▶ [Work to be completed]
Repeat exactly, and only, the lines below starting at the line that contains "New 2026 Hyundai" and ending at the line that contains "Camisa com estampado", inclusive of both.

▶ [Records supplied]

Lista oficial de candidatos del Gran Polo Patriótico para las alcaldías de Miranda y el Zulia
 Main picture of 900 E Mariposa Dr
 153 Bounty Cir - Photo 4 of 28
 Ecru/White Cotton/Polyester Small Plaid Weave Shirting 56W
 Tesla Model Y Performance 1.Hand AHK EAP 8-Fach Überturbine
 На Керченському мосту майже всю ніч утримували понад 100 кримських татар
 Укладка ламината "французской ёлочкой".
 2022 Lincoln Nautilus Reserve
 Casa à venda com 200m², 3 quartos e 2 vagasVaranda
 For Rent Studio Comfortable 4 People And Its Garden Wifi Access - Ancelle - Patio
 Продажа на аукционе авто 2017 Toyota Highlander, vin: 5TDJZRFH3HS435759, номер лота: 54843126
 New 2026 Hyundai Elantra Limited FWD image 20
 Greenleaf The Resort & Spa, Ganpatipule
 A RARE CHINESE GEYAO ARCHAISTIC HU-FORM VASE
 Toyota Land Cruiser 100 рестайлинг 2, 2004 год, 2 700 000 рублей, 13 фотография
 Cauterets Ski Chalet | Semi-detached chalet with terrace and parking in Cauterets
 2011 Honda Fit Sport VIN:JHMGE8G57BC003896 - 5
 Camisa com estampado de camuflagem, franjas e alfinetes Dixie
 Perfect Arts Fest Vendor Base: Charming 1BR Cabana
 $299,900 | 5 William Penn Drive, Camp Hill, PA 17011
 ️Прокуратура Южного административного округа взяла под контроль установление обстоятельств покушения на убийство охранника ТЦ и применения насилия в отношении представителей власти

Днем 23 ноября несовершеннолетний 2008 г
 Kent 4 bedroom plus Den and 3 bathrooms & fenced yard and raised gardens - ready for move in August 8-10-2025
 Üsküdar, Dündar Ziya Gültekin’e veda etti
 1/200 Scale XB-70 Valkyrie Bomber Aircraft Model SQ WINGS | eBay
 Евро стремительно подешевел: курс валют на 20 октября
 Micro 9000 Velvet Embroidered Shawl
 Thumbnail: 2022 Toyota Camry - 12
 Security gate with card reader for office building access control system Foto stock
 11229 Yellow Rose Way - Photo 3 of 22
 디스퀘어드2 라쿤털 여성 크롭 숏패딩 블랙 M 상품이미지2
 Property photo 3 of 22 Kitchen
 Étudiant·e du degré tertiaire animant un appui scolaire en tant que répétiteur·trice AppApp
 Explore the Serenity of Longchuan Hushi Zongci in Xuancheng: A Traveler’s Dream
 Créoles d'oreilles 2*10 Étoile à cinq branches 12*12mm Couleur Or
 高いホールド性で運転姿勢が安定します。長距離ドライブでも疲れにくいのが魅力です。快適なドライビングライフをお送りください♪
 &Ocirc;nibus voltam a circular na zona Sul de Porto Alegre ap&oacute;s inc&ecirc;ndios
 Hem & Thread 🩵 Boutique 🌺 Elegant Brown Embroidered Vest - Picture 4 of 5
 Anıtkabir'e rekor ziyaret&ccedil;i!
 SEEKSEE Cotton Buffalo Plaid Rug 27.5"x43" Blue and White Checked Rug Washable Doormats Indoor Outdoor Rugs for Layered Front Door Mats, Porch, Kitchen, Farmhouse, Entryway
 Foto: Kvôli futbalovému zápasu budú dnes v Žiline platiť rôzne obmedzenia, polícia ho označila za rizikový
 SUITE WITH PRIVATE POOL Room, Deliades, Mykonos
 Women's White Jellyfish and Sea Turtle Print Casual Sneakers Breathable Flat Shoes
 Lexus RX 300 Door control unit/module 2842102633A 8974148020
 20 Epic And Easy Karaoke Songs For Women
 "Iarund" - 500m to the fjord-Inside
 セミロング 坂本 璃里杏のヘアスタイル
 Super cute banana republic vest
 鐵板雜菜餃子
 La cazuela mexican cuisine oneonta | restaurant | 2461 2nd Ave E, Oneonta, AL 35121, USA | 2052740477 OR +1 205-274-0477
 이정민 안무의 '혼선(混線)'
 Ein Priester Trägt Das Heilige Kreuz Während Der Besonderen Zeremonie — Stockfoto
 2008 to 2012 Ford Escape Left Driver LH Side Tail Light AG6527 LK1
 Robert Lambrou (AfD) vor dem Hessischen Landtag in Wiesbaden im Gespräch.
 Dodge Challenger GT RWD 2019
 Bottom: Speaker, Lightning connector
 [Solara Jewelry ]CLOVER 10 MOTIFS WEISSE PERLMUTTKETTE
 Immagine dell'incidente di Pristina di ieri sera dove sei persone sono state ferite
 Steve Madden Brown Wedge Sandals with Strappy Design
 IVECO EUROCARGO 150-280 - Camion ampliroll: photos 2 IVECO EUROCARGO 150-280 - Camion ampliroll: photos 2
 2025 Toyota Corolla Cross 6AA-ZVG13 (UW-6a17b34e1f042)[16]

▶ [Answer space]
 New 2026 Hyundai Elantra Limited FWD image 20
 Greenleaf The Resort & Spa, Ganpatipule
 A RARE CHINESE GEYAO ARCHAISTIC HU-FORM VASE
 Toyota Land Cruiser 100 рестайлинг 2, 2004 год, 2 700 000 рублей, 13 фотография
 Cauterets Ski Chalet | Semi-detached chalet with terrace and parking in Cauterets
 2011 Honda Fit Sport VIN:JHMGE8G57BC003896 - 5
 Camisa com estampado de camuflagem, franjas e alfinetes Dixie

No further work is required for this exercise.